Aniden oyuncağa kızar ve yere karşı dövmeye başlar. Orkestra içeri girmeden önce bile, Claus Guth’un sert bir şekilde etkili evrelemesi kaygılarını açıkça ortaya koydu: çocukluk, dans, şiddet.
Avrupa’nın en yoğun yönetmenlerinden biri olan ve bu prodüksiyonla Met’in ilk çıkışını yapan Guth, benliğin birden fazla versiyonundan da etkileniyor. Soprano Elza van den – aynı anda masum ve sertleşmiş, gümüş ama güvenli geliyor – Salı günü açılan bu “Salome” başlıklı, başlık karakterine genç bir çift değil, altı veriyor.
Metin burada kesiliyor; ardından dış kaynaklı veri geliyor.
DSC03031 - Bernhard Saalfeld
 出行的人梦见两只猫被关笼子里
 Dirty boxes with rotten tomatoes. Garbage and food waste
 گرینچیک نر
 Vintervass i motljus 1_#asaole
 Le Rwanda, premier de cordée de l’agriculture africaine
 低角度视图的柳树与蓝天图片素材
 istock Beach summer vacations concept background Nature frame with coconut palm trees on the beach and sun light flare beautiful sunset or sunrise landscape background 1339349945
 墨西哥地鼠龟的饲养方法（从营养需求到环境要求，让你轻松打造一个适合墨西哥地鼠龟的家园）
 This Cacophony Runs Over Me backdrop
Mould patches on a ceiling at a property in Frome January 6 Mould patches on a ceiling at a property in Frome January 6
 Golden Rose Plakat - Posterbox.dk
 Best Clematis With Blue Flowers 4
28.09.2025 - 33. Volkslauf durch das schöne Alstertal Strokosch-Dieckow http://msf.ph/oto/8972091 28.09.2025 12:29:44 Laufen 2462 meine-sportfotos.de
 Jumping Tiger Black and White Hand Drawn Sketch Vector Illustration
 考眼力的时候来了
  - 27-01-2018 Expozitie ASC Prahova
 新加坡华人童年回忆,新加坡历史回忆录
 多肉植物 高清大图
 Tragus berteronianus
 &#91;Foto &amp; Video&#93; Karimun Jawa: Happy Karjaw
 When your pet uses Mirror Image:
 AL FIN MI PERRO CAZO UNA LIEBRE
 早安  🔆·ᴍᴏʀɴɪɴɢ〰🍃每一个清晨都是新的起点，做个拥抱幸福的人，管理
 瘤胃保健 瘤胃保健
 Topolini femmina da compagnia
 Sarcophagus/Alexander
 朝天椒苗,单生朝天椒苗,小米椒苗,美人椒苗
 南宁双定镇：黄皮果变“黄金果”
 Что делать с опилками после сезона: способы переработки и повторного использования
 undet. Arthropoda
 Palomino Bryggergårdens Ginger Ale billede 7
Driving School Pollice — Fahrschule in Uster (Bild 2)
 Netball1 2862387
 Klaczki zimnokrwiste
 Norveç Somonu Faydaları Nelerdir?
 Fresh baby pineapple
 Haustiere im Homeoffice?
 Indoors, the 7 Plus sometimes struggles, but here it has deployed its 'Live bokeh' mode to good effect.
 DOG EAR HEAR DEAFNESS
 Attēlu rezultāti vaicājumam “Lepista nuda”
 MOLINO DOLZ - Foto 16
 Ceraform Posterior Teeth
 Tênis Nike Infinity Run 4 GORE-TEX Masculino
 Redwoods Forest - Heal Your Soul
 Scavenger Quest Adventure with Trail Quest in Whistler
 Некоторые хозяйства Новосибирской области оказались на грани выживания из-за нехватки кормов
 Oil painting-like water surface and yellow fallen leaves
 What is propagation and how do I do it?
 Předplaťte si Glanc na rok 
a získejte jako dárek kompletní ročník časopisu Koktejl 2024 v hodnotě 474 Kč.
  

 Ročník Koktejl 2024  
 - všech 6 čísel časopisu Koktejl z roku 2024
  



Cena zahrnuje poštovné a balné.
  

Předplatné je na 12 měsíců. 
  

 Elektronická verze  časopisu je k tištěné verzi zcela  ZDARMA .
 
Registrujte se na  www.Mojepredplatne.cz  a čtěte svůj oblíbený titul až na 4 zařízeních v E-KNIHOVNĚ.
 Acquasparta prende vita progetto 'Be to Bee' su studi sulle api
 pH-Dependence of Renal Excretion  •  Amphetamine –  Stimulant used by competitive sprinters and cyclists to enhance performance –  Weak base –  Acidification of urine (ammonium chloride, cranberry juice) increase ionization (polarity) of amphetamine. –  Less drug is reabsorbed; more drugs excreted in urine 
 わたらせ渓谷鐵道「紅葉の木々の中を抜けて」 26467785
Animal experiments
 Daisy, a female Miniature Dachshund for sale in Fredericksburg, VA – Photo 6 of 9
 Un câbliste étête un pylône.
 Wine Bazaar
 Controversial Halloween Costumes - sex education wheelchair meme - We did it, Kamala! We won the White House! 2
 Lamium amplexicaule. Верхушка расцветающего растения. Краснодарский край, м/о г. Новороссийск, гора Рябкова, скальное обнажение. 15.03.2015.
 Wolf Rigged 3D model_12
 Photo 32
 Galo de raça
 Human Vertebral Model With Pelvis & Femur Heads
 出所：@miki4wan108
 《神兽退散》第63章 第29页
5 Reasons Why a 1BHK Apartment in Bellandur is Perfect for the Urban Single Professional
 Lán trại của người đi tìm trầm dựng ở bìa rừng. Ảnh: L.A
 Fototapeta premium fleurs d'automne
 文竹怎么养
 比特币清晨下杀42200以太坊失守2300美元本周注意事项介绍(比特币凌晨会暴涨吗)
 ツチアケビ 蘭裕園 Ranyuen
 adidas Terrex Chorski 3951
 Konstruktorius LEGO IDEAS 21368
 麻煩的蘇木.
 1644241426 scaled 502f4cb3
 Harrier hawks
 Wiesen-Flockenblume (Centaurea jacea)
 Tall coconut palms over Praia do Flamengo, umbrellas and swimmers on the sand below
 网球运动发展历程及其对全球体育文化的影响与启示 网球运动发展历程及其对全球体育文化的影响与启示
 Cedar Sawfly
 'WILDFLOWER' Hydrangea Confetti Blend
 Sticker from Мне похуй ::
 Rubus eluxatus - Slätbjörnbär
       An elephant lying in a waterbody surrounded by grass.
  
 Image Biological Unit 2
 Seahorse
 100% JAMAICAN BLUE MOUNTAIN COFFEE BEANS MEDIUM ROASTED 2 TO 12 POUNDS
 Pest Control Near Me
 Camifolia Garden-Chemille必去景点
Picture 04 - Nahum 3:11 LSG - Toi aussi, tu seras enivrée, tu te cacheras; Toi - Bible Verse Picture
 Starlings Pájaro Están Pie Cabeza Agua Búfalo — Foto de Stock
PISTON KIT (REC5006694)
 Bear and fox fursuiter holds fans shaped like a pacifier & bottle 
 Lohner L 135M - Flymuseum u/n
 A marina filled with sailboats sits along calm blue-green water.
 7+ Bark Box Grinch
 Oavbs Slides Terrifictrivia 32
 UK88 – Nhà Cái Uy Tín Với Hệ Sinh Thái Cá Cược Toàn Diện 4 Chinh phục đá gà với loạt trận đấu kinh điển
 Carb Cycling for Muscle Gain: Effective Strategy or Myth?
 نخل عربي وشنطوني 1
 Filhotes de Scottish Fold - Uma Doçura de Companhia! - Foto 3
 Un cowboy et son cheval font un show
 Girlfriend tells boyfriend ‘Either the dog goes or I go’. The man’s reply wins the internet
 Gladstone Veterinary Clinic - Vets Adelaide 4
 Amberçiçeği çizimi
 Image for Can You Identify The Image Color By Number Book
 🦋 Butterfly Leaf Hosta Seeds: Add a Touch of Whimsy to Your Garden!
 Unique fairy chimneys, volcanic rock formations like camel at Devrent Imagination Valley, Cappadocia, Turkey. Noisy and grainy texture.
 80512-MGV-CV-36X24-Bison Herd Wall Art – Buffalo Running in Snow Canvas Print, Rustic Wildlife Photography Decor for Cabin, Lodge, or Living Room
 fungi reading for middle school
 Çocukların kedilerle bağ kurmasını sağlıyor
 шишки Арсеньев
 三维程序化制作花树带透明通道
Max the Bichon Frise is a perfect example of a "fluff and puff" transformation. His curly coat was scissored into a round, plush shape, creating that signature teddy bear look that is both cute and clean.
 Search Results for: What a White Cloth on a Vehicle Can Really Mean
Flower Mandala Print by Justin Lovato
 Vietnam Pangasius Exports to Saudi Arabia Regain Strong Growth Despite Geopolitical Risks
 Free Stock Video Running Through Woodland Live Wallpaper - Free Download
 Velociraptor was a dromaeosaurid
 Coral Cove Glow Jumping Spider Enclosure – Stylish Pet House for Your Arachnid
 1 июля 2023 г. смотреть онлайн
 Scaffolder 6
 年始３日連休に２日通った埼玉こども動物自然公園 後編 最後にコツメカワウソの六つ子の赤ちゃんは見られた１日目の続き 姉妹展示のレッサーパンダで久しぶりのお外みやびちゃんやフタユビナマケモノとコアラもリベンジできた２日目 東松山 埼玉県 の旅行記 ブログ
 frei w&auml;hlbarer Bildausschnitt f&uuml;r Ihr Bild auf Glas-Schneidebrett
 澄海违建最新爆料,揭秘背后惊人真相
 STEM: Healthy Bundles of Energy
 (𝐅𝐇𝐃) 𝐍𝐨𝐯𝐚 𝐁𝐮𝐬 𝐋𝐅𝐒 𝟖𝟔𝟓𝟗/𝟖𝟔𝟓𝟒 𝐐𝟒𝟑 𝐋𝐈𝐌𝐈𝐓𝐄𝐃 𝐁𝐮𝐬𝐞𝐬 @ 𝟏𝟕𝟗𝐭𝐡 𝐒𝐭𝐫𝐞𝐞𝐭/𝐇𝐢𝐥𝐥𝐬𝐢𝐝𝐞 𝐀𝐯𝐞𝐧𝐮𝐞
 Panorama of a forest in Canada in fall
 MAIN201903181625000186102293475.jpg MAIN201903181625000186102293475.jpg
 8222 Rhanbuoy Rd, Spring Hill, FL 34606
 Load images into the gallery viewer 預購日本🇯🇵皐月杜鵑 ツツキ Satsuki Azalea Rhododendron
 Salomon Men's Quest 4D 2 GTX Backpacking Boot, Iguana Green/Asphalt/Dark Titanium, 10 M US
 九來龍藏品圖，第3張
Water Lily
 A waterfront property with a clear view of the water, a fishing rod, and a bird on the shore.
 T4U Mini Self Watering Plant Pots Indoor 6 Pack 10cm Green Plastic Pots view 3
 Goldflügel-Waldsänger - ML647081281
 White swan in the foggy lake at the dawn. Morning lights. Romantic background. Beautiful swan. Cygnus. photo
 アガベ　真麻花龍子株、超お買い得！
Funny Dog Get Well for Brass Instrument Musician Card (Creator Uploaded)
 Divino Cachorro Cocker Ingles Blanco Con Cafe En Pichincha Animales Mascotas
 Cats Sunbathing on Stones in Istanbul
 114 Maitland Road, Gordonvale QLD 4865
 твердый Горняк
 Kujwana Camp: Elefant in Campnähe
Belki de bir anaokulundan van den Heever tarafından oynanan 16 yaşındaki çocuğa yaşta ilerleyen salom grubu, karanlık frock’larla eşleşiyor, “Shining” ve Diane Arbus fotoğrafları ile ilgili ipuçları veriyor.
Eylemi, 20. yüzyılın başlarında bir dour siyah konakta yerleştirmek, eskiden modern Times Strauss’un Oscar Wilde’ın skandal oyununun 100 dakikalık, tek etkili uyarlamasına geçti. “Salome”, Sembolistlerin çiçekli dilinden esinlenen çökmekte olan müzikte, Vaftizci John’a çekilen ve reddedilen ve ahlaksız üvey babası Kral Herod tarafından başını kesilmesini isteyen İncil Prensesi’ni tasvir ediyor.